Een ander verhaal uit het Jungleboek is het verhaal van Kotick de witte zeehond, waarop het spelaanbod van de Zeehondjes werd gebaseerd

Op het boek zijn al verschillende films en tekenfilms gebaseerd, bijvoorbeeld door Walt Disney, deze films zijn inmiddels bekender dan het boek wat aan de basis stond maar de films wijken echter nogal eens af van en kunnen niet tippen aan het originele verhaal van Rudyard Kipling.

Betekenis[bewerken]

Het jungelboek beschrijft de karakterontwikkeling van een 'jong mens'. Mowgli alleen, maakt het onderwerp uit van het verhaal, hij alleen is de hoofdpersoon. Zijn evolutie, zijn groei naar zelfbeheersing, dat is het thema hoe Mowgli als een “naakte puit” bij de Wolven kwam, om na 15 jaar weer naar de mensen te keren, als volwassen persoonlijkheid. De andere personages vormen de vaste achtergrond, tegenover dewelke het verhaal van Mowgli’s opvoeding zich voltrekt. Zij evolueren niet, Mowgli alleen doet dat. Elk dier heeft zijn karakter; doorheen het hele verhaal blijft dit onveranderd. De dieren spelen een hulprol, zijn slechts van belang in zoverre zij een invloed uitoefenen op de opvoeding van het mensenjong.

Akela, Baloe en Bagheera zijn de voorbeelden van een karaktereigenschap, welke Mowgli moet ontwikkelen; Shere-Khan, de Bandars en het Gidoer-log zijn zovele ondeugden welke zullen bestreden worden.

Vooral in het 1e jungleboek wordt verhaald hoe Mowgli’s evolutie zich voltrokken heeft in 5 hoofdmomenten.

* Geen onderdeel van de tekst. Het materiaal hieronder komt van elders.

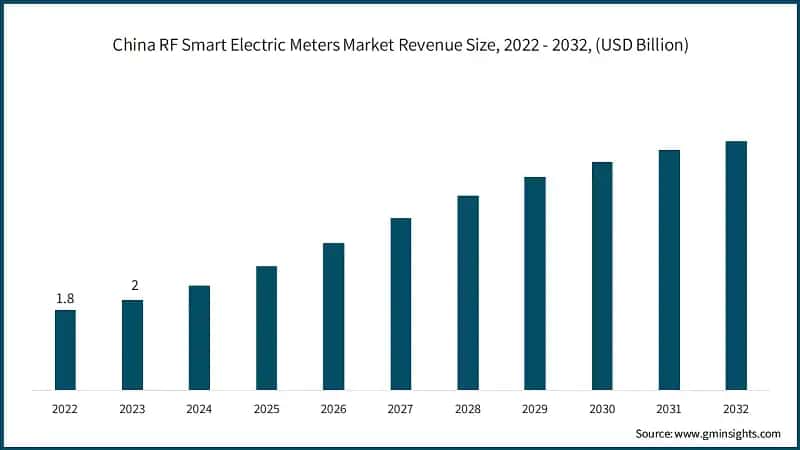 China RF Smart Electric Meters Market Revenue Size, 2022 - 2032, (USD Billion)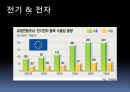[한-EU FTA] 한국과 EU의 FTA 협상과정 및 시사점과 서비스 산업의 미래, 한국과 EU의 FTA 문제점, 한국과 EU의 FTA 전망.pptx 13페이지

  1. Onbevreesd komt Mowgli naar het wolvenhol : meteen bewijst hij dat hij reeds karakter bezit : “Naakt kwam het in de nacht tot hier, alleen en hongerig, en toch was het niet bang.”
  2. Het hoofdstuk met de Bandar-log verhaalt van een slippertje dat Mowgli maakte. Het apenvolk is een grappige karikatuur van de kindergebreken : wispelturig, slordig, opscheppend, tuchtloos, zonder wetten; Mowgli laat zich verleiden door mooie beloften en geeft toe aan speelzucht.
    Een ogenblik laat hij zich gaan, en reeds dreigt de ramp, de mislukking van het opvoedingswerk. Gelukkig waken Baloo en Bagheera. Er volgt een prachtige les : de overwinning van de koele zelfbeheersing, verpersoonlijkt in Kaa, de slang, op de dwaze losbolligheid van de apen. Een symbool van Mowgli’s opvoeding.
  3. Door zijn rimboeleven verwerft Mowgli genoeg karakter om zijn wil op te dringen aan Shere-Khan (het beeld van al wat laag en laf is). Met de hulp van de Rode Bloem wordt de tijger verjaagd : “Op, hond, riep Mowgli, op, als een mens spreekt, of ik steek je pels in brand!”.
  4. Op het ogenblik dat Mowgli’s karaktervorming voleindigd is, kan hij zijn tweede, definitieve overwinning behalen op zijn erfvijand : “Heel de jungle weet dat ik Shere-Khan gedood heb. Kijk goed toe, o wolven”. Aldus affirmeert Mowgli zijn pas verworven meesterschap over de rimboe.
  5. Na deze periode is Mowgli rijp geworden : een volwassen karakter in dienst van de gemeenschap waarin hij leeft.
    Praktisch is hij de leider van de horde; toch verkiest hij afzonderlijk te jagen, samen met de vier. Door zijn toedoen is de horde weer het “Vrije Volk” geworden, vrij van alle driften welke Shere-Khan verspreid had. Eens te meer een overwinning van het ‘karakter’ op de laagheid : "Leid ons weer, o Akela, leid ons weer, o Mensenjong, want wij zijn die tuchteloosheid beu. We willen weer een vrij volk zijn."
    "De Mensenhorde en de Wolvenhorde hebben mij uitgestoten", zei Mowgli. "Nu zal ik alleen op jacht gaan in de jungle."
Zie het artikel begrippen uit het Jungleboek voor een verzameling plaatsen, namen en andere woorden uit het Jungleboek, met uitleg

De Verhalen[bewerken]

Het "Jungleboek" is opgebouwd uit een aantal verhalen. De eerste drie spelen zich af rond figuren van Mowgli en zijn jungle vrienden. Op een na spelen alle verhalen in India. In alle verhalen spelen dieren een hoofdrol.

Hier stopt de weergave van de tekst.